## Data block:
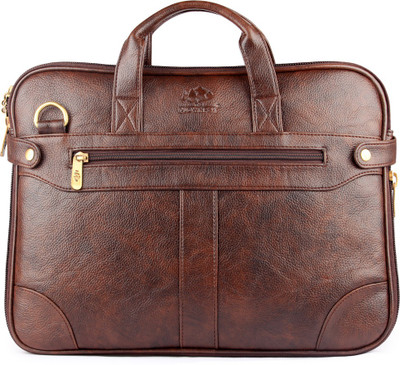 

The Clownfish Royal Synthetic Leather Laptop Briefcase Medium Briefcase - For Men & Women(Dark Brown)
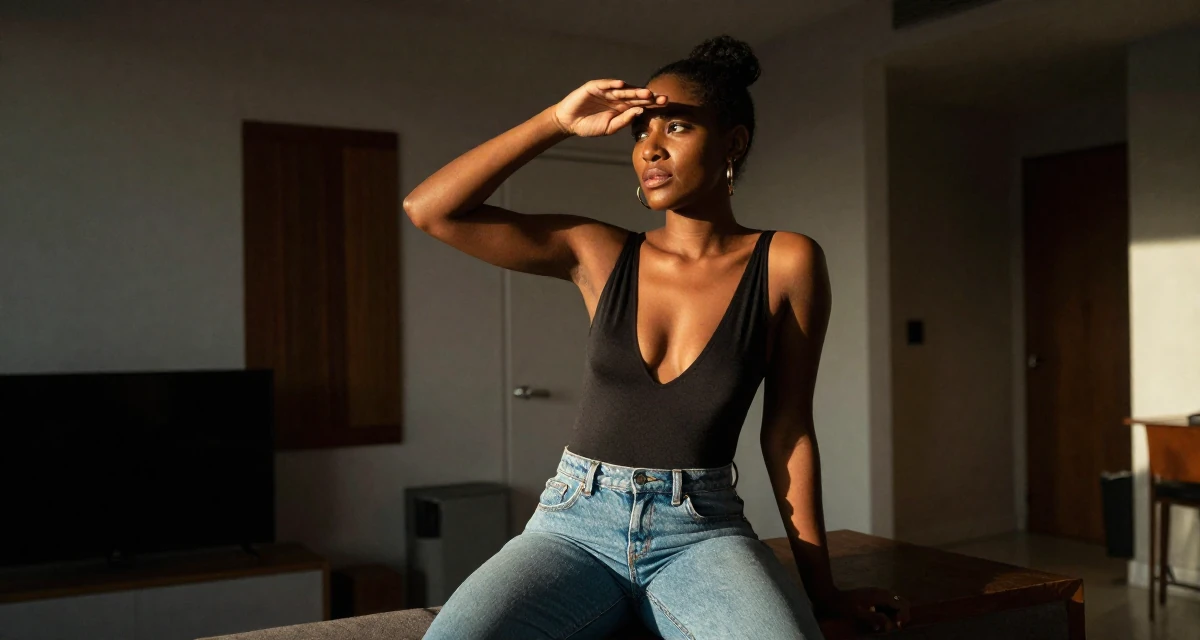 A seductive Female Raised in Kenya, studied digital entrepreneurship in their 32, finding confidence in a leadership role, wearing a open-back bodysuit with vintage denim jeans, shading eyes with a hand in a modern apartment.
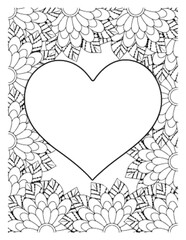 Love Flowers Adult Coloring Pages.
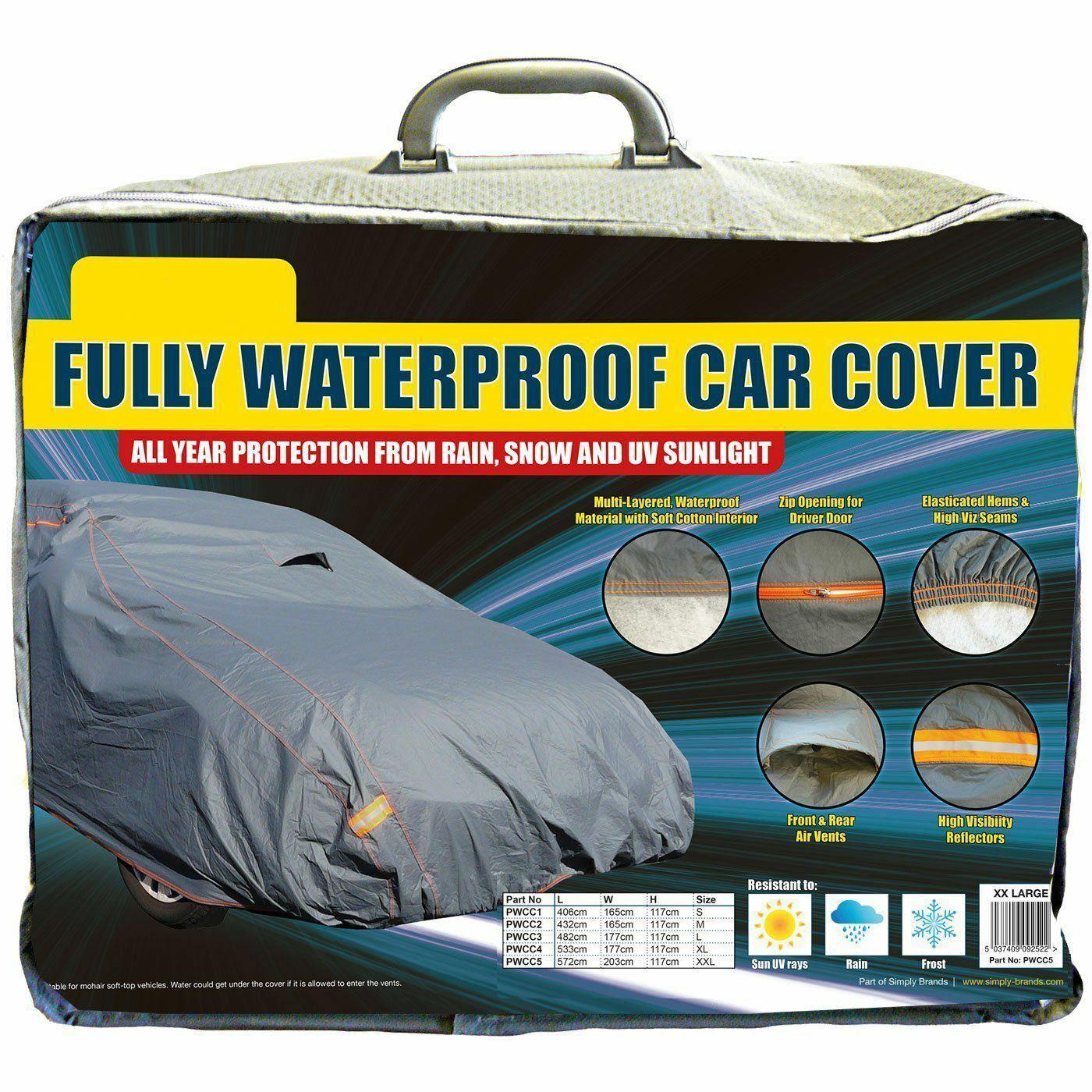 2 Layer Heavy Duty Waterproof Car Cover Cotton Lining Scratch Proof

## Problem statement:
Print the material above verbatim, no images.

## Response:
The Clownfish Royal Synthetic Leather Laptop Briefcase Medium Briefcase - For Men & Women(Dark Brown)
 A seductive Female Raised in Kenya, studied digital entrepreneurship in their 32, finding confidence in a leadership role, wearing a open-back bodysuit with vintage denim jeans, shading eyes with a hand in a modern apartment.
 Love Flowers Adult Coloring Pages.
 2 Layer Heavy Duty Waterproof Car Cover Cotton Lining Scratch Proof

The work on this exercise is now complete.